Extracted entries.
---
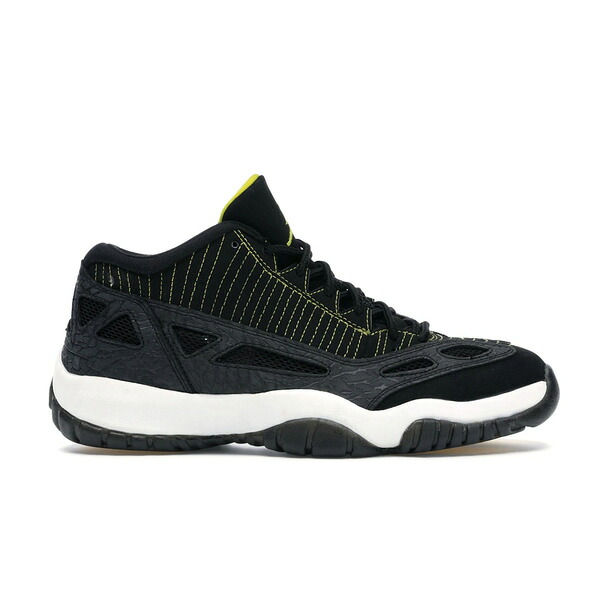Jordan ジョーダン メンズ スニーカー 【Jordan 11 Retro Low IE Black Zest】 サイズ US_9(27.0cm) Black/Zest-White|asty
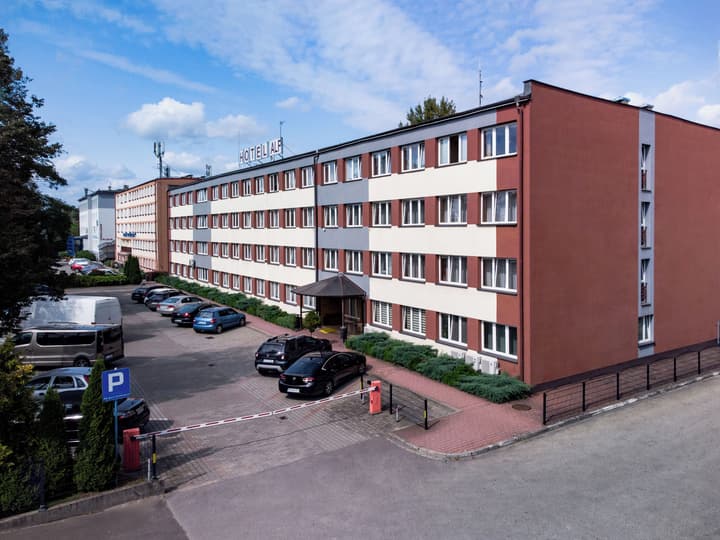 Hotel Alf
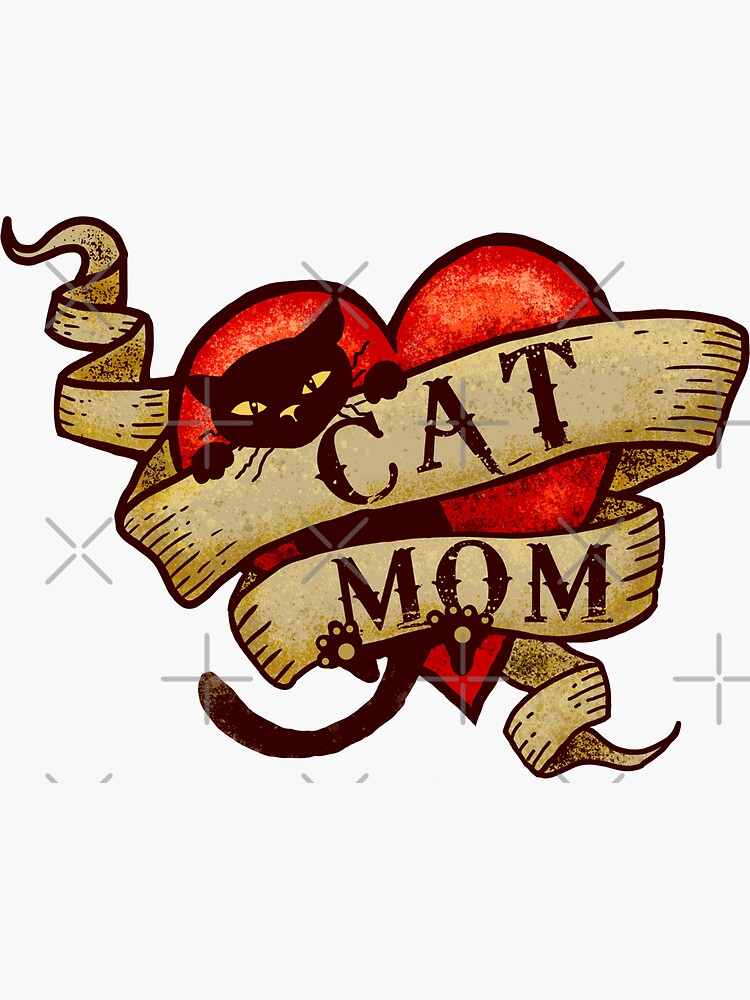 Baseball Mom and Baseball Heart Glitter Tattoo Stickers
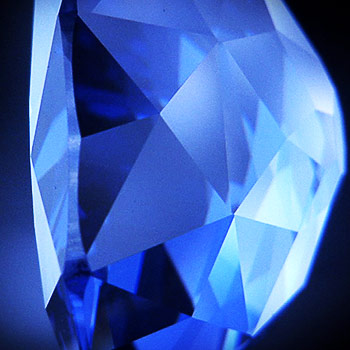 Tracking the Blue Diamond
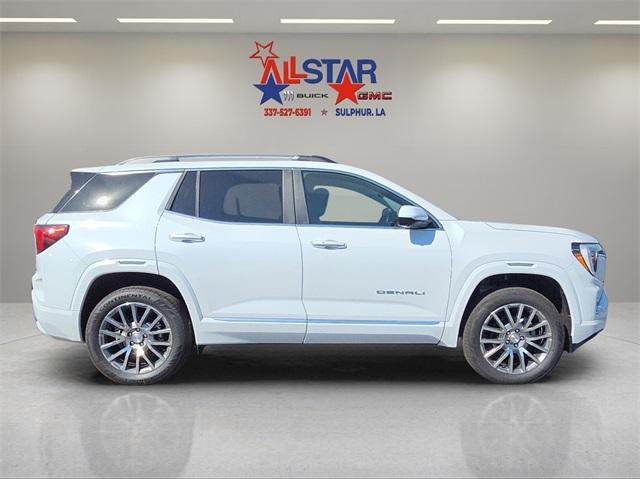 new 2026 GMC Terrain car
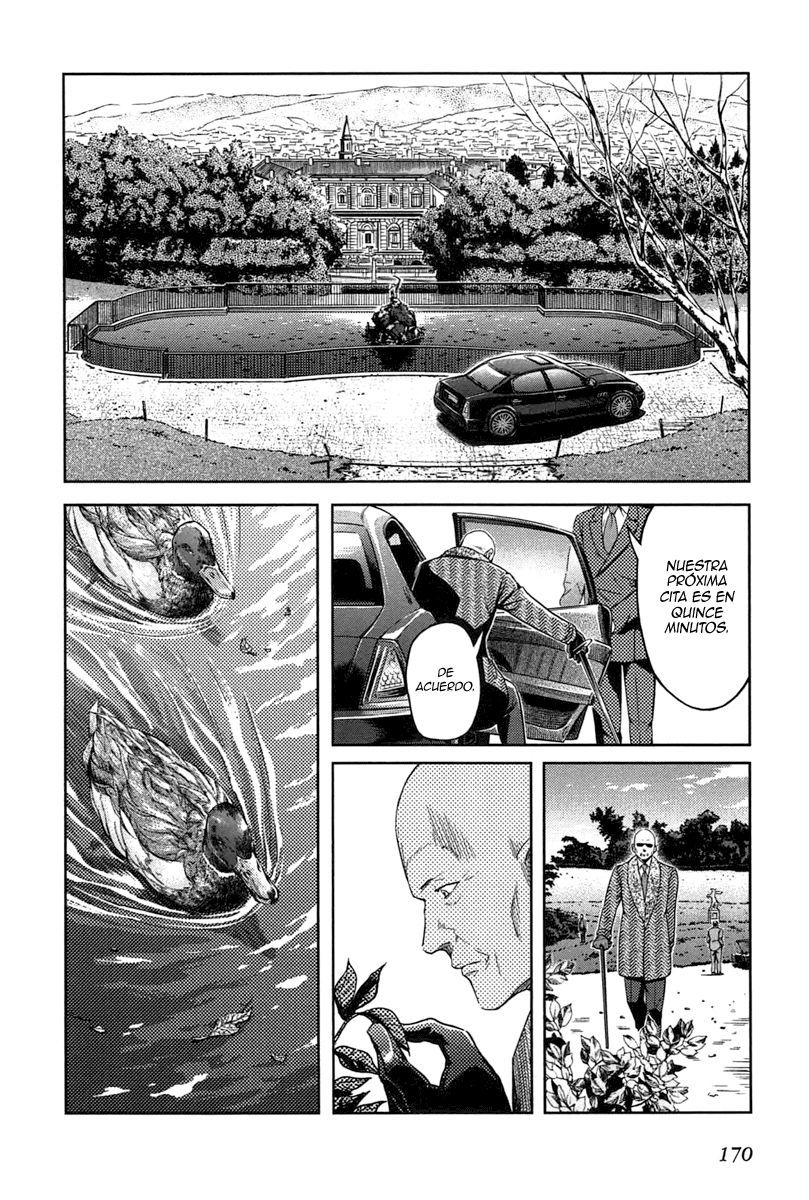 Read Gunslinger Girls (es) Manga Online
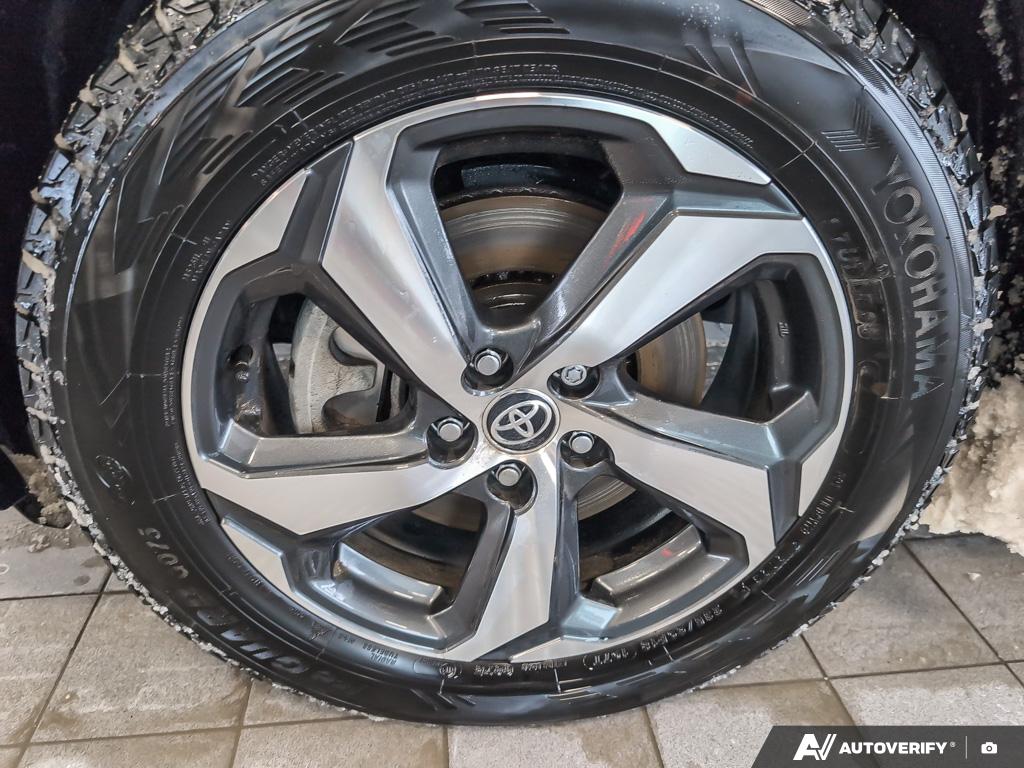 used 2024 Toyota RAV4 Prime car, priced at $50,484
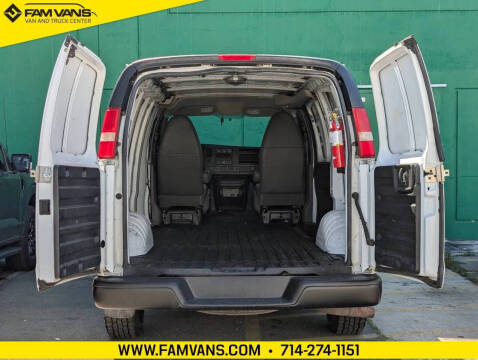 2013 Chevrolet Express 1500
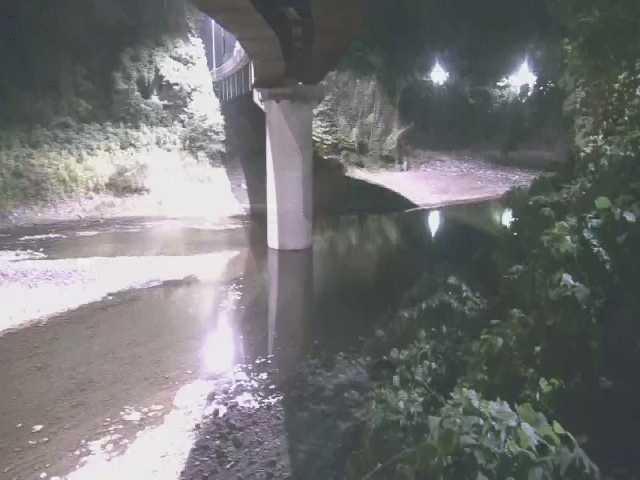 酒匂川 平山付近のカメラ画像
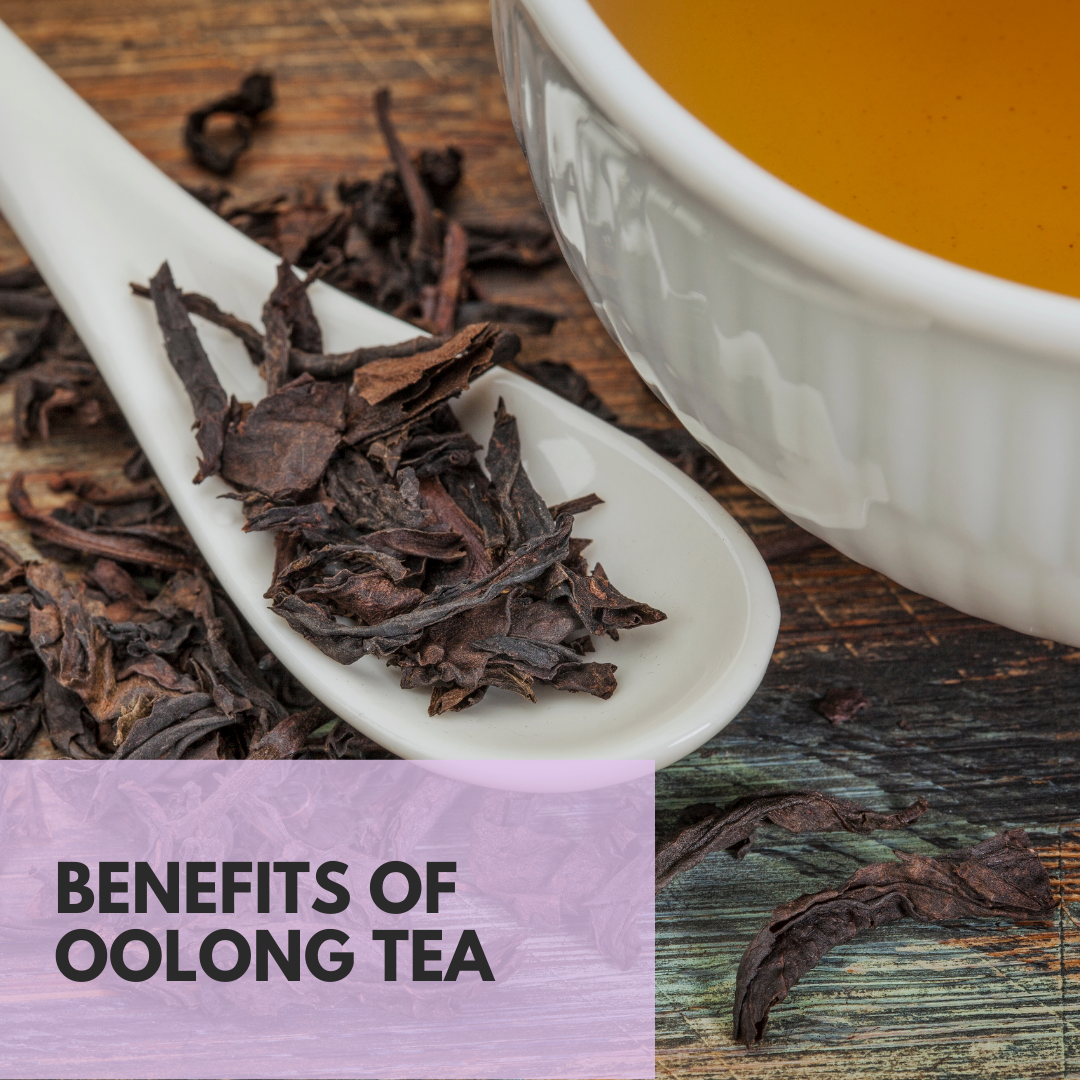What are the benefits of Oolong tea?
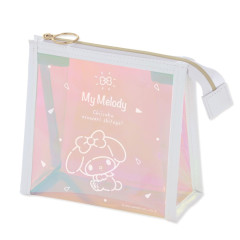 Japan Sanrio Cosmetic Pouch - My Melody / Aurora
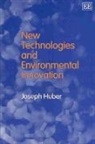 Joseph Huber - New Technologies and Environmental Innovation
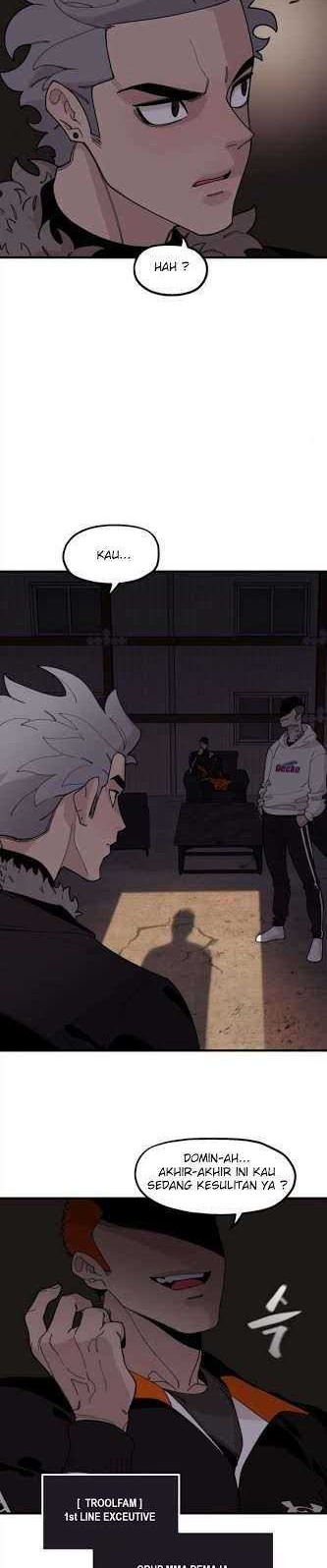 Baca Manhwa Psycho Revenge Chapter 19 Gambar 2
---
What you have to do. Restate the data above exactly, stripping out each image.

Response to the exercise.
Jordan ジョーダン メンズ スニーカー 【Jordan 11 Retro Low IE Black Zest】 サイズ US_9(27.0cm) Black/Zest-White|asty
 Hotel Alf
 Baseball Mom and Baseball Heart Glitter Tattoo Stickers
 Tracking the Blue Diamond
 new 2026 GMC Terrain car
 Read Gunslinger Girls (es) Manga Online
 used 2024 Toyota RAV4 Prime car, priced at $50,484
 2013 Chevrolet Express 1500
 酒匂川 平山付近のカメラ画像
What are the benefits of Oolong tea?
 Japan Sanrio Cosmetic Pouch - My Melody / Aurora
 Joseph Huber - New Technologies and Environmental Innovation
 Baca Manhwa Psycho Revenge Chapter 19 Gambar 2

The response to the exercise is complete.